> _ASSIGNED TASK_
What you return should be the lines from the one with "photo de CHAIN" through the one with "La Mondiale Tourisme" in the data below, reproduced exactly with both ends, and no pictures at all.

RECORDS PROVIDED: Begin

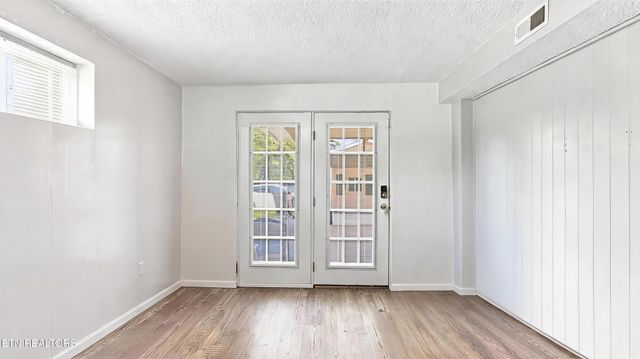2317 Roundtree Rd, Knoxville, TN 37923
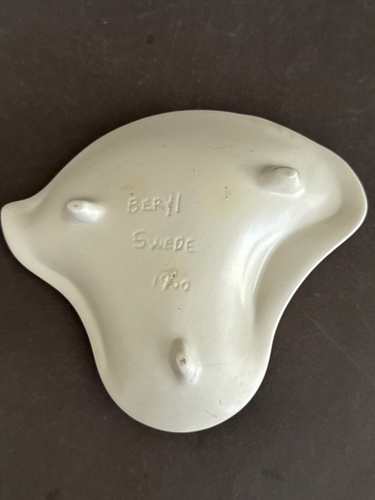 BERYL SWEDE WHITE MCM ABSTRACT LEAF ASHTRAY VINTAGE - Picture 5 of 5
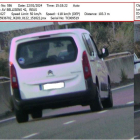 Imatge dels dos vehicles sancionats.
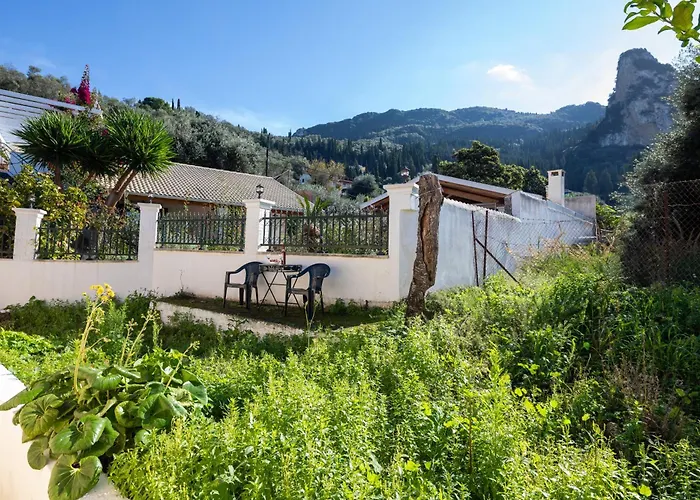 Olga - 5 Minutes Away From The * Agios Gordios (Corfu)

RECORDS PROVIDED: End
RECORDS PROVIDED: Begin

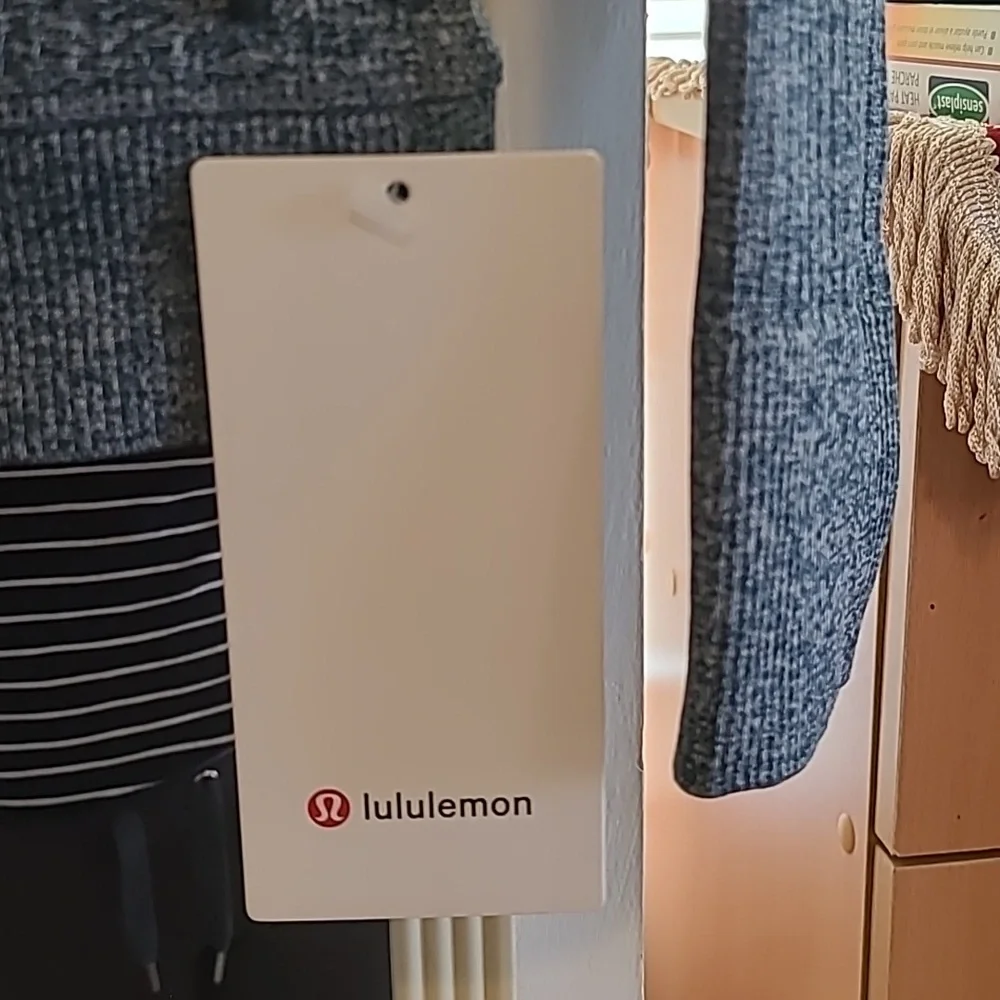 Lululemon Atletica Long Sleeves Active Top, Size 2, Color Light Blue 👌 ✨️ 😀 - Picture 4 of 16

RECORDS PROVIDED: End
RECORDS PROVIDED: Begin

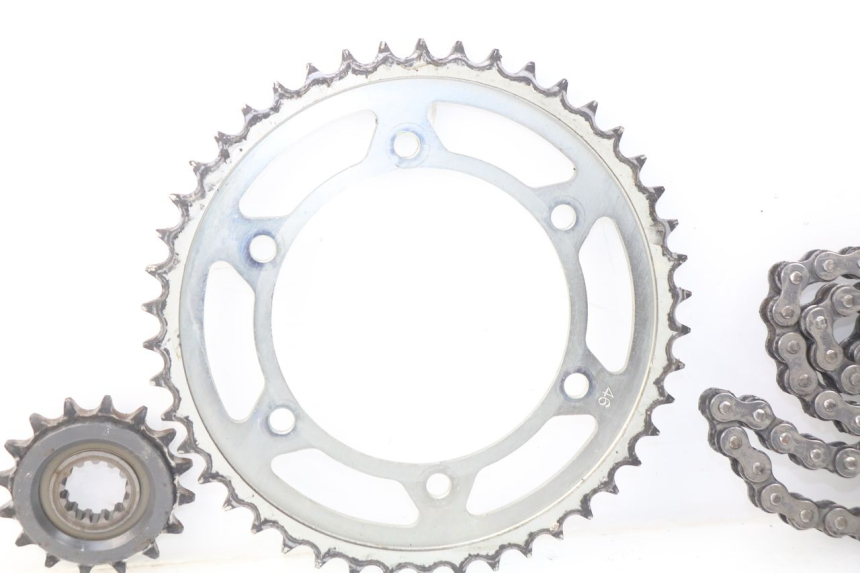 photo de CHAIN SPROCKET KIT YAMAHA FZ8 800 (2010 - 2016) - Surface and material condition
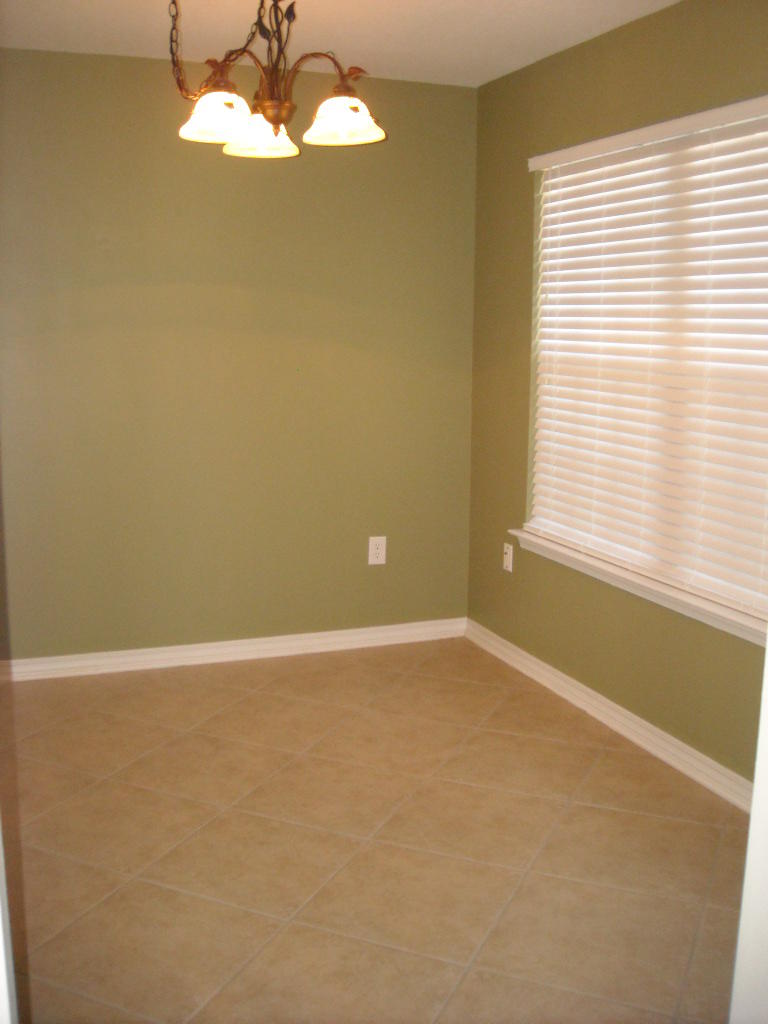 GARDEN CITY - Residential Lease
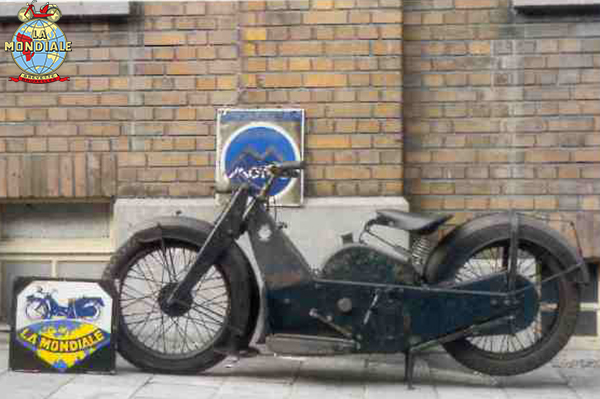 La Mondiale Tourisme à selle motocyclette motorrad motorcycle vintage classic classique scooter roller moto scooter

RECORDS PROVIDED: End

> _PROBLEM SOLUTION_
 photo de CHAIN SPROCKET KIT YAMAHA FZ8 800 (2010 - 2016) - Surface and material condition
 GARDEN CITY - Residential Lease
 La Mondiale Tourisme à selle motocyclette motorrad motorcycle vintage classic classique scooter roller moto scooter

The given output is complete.